RECORDS TO USE ->
Segment Open
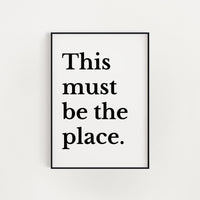 a framed text that reads "This must be the place."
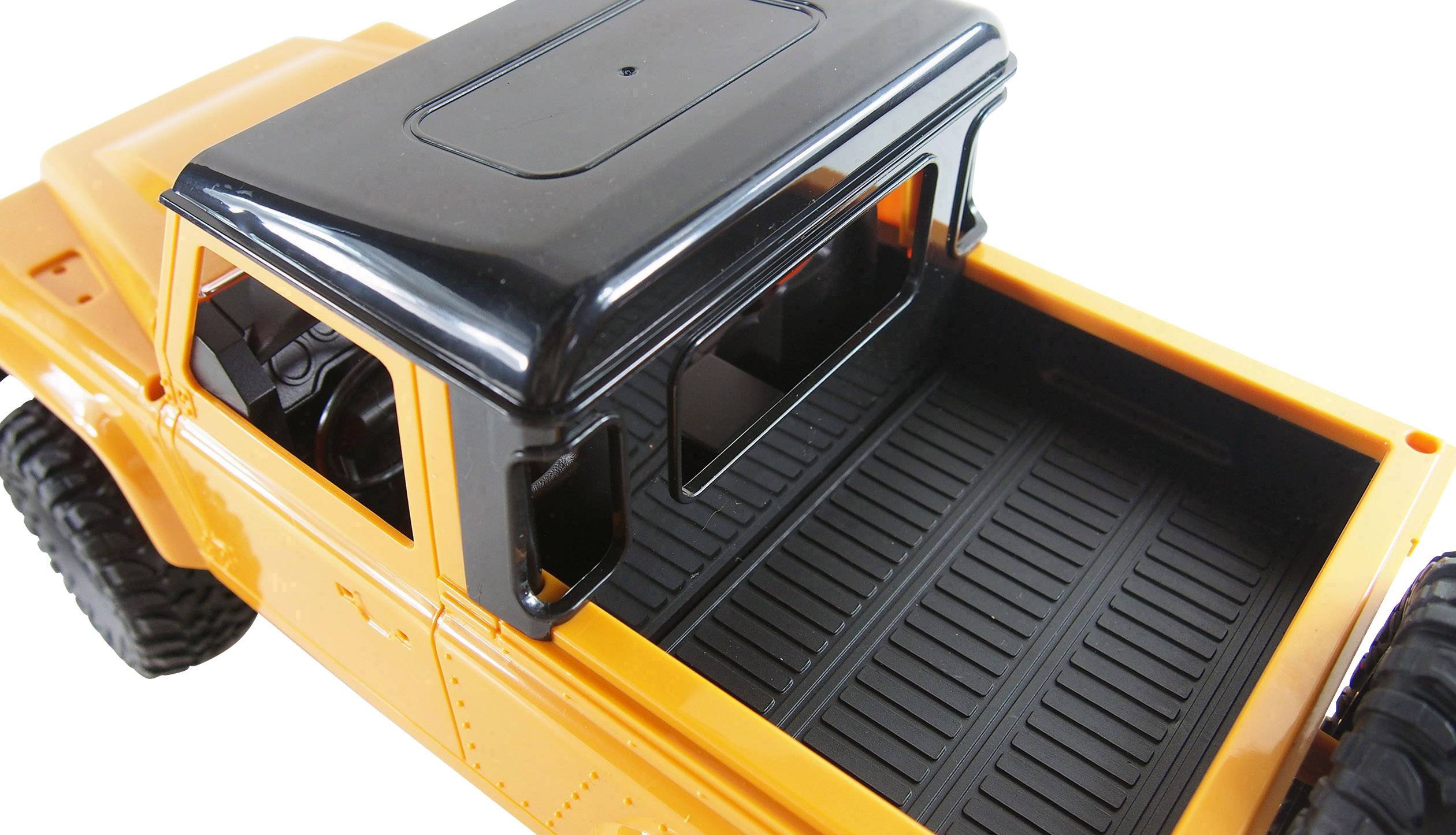 Zabawkowa ciężarówka w kolorze pomarańczowym z czarnym dachem i otwartą przestrzenią ładunkową, sfotografowana od tyłu.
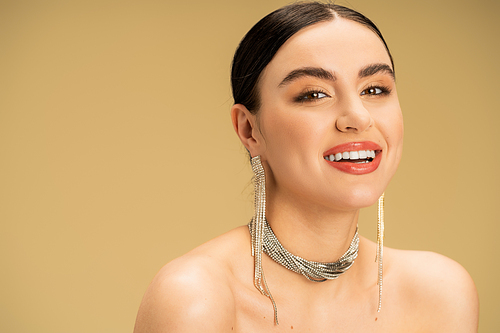 elegant woman in necklace and earrings looking at camera while smiling isolated on beige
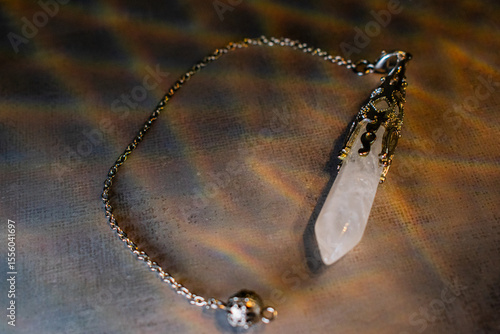 An ornate crystal quartz pendulum with a silver chain, ideal for divination, spiritual healing, and mindful practices. Perfect for esoteric, wellness, and mystical themes.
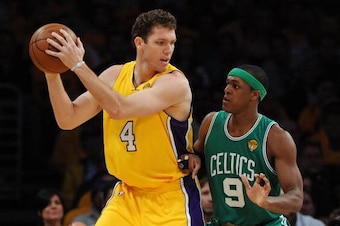 LOS ANGELES, CA - JUNE 03:  Luke Walton #4 of the Los Angeles Lakers looks to pass against Rajon Rondo #9 of the Boston Celtics in Game One of the 2010 NBA Finals at Staples Center on June 3, 2010 in Los Angeles, California.  NOTE TO USER: User expressly 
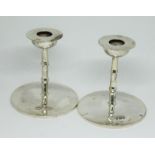 A pair of hallmarked silver candlesticks, height 6.5cm, weight 3oz.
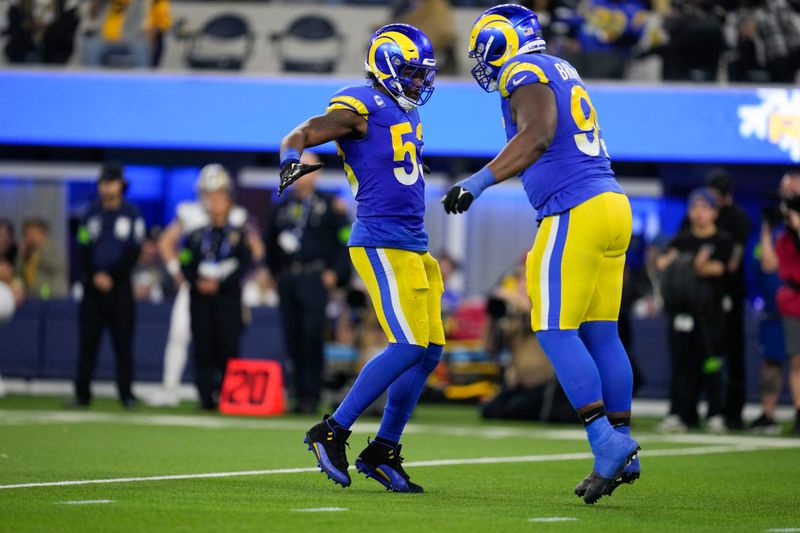 Los Angeles Rams linebacker Ernest Jones (53) celebrates with defensive tackle Bobby Brown III (95) after defensive stop during the second half of an NFL football game against the New Orleans Saints, Thursday, Dec. 21, 2023, in Inglewood, Calif. (AP Photo/Ashley Landis)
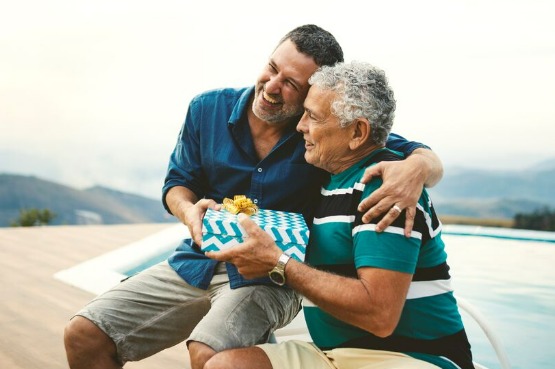 older man giving a gift to a younger man
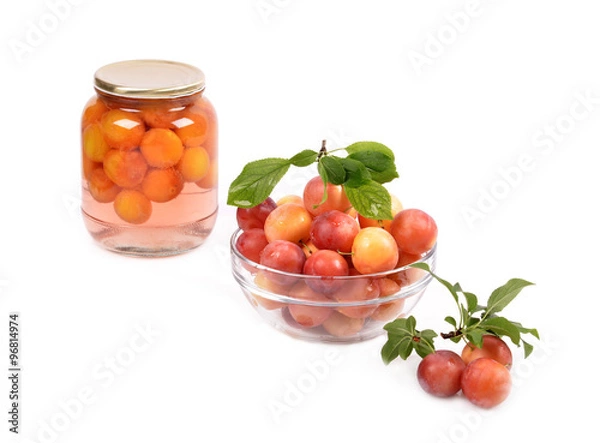 Fototapeta Jar of cherry plum compote and fresh plums in a glass container on a white background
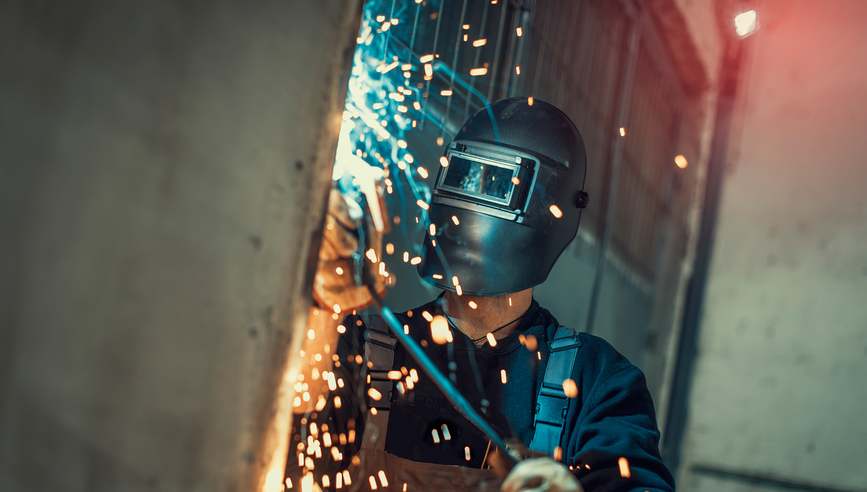 An employee grinding steel with sparks.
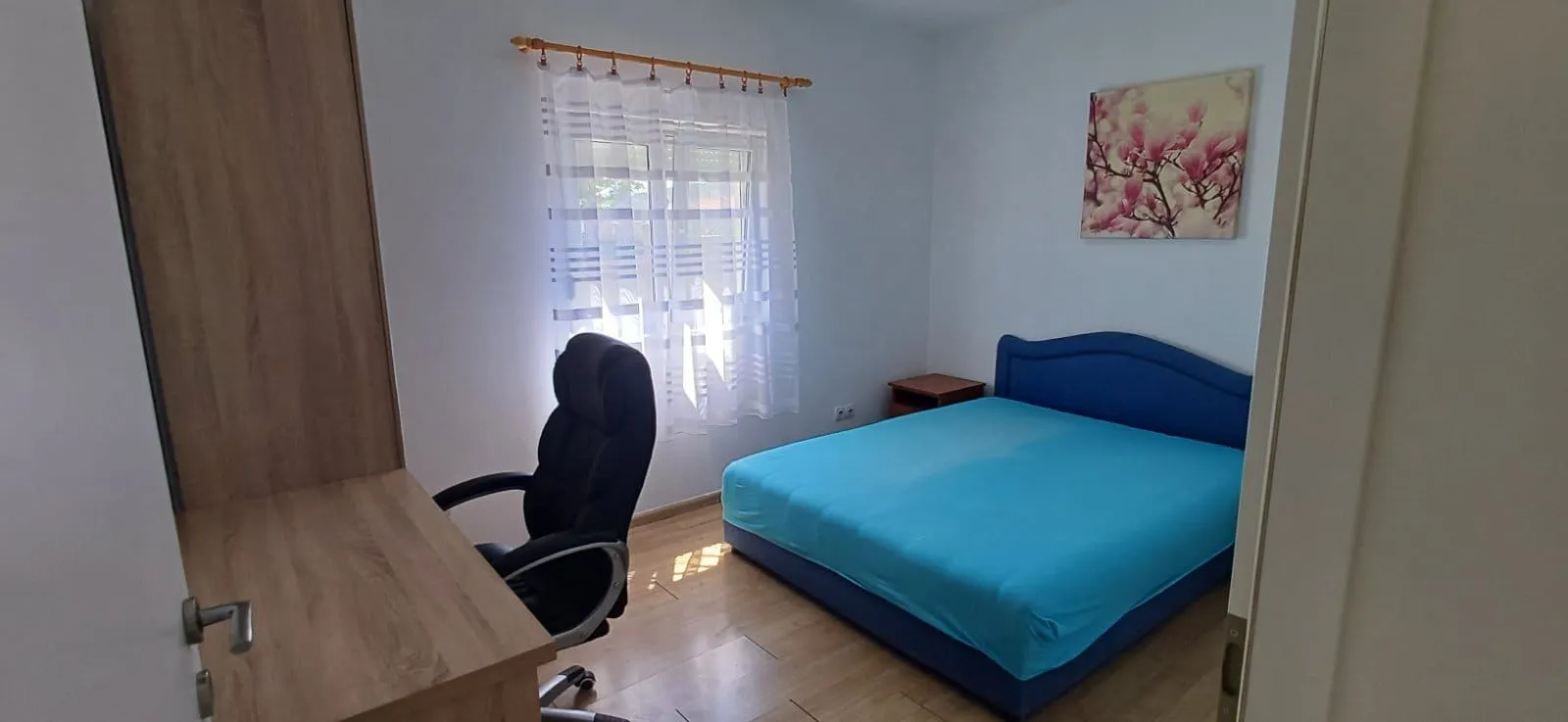 Furnished bedroom with a bed, desk, and window.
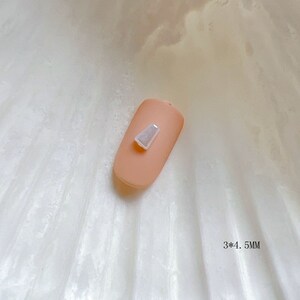 Puede incluir: Un pequeño charm para uñas rectangular, blanco e iridiscente, con una parte superior ligeramente puntiaguda. El charm mide 3 por 4,5 milímetros.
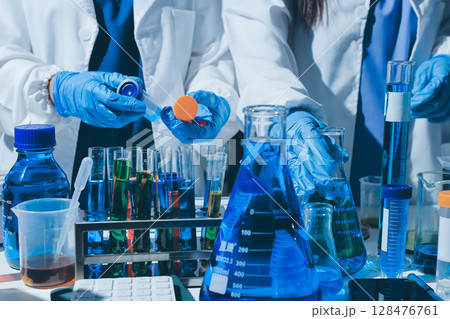 Scientist pipetting medical samples into microplate in laboratory 128476761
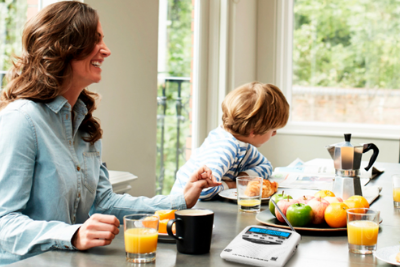 family sits at table with weather radio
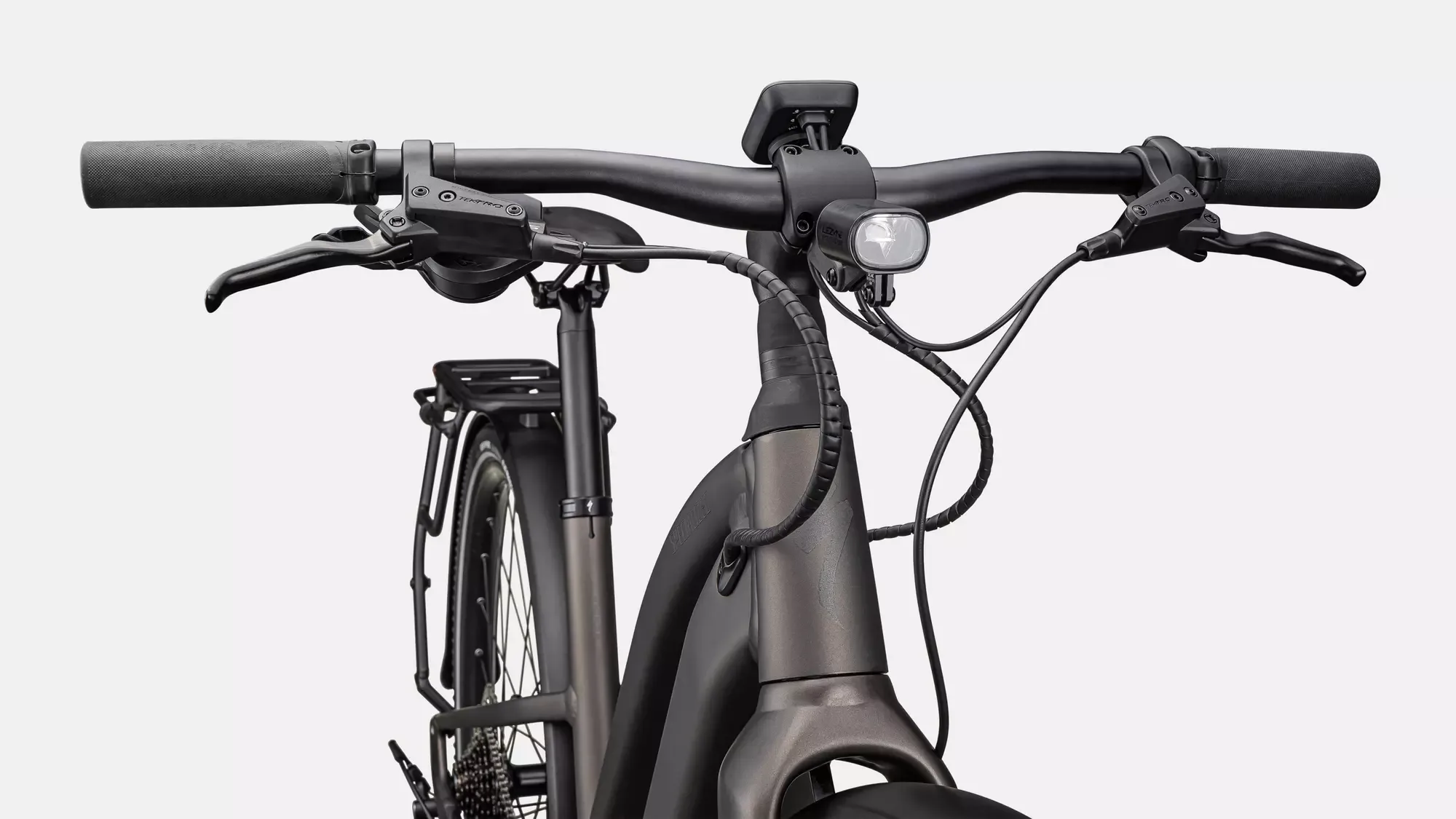 Nahaufnahme des Lenkers eines schwarzen E-Bikes, zeigt Bremsgriffe, Beleuchtung und ein kleines Display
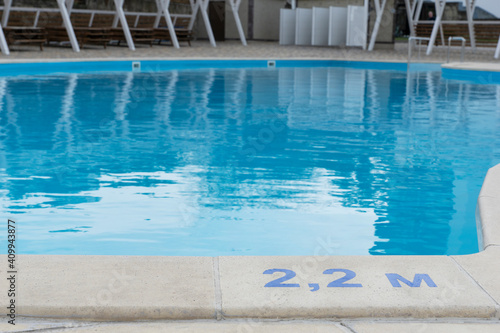 signs of depth in meters in swimming pool, deep pool with blue water, no people around, safety on water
Segment Closed
PROBLEM DESCRIPTION -> All of the records above should be returned exactly, though the pictures should not.

THE COMPLETED TASK ->
 a framed text that reads "This must be the place."
 Zabawkowa ciężarówka w kolorze pomarańczowym z czarnym dachem i otwartą przestrzenią ładunkową, sfotografowana od tyłu.
 elegant woman in necklace and earrings looking at camera while smiling isolated on beige
 An ornate crystal quartz pendulum with a silver chain, ideal for divination, spiritual healing, and mindful practices. Perfect for esoteric, wellness, and mystical themes.
 LOS ANGELES, CA - JUNE 03:  Luke Walton #4 of the Los Angeles Lakers looks to pass against Rajon Rondo #9 of the Boston Celtics in Game One of the 2010 NBA Finals at Staples Center on June 3, 2010 in Los Angeles, California.  NOTE TO USER: User expressly 
 A pair of hallmarked silver candlesticks, height 6.5cm, weight 3oz.
 Los Angeles Rams linebacker Ernest Jones (53) celebrates with defensive tackle Bobby Brown III (95) after defensive stop during the second half of an NFL football game against the New Orleans Saints, Thursday, Dec. 21, 2023, in Inglewood, Calif. (AP Photo/Ashley Landis)
 older man giving a gift to a younger man
 Fototapeta Jar of cherry plum compote and fresh plums in a glass container on a white background
 An employee grinding steel with sparks.
 Furnished bedroom with a bed, desk, and window.
 Puede incluir: Un pequeño charm para uñas rectangular, blanco e iridiscente, con una parte superior ligeramente puntiaguda. El charm mide 3 por 4,5 milímetros.
 Scientist pipetting medical samples into microplate in laboratory 128476761
 family sits at table with weather radio
 Nahaufnahme des Lenkers eines schwarzen E-Bikes, zeigt Bremsgriffe, Beleuchtung und ein kleines Display
 signs of depth in meters in swimming pool, deep pool with blue water, no people around, safety on water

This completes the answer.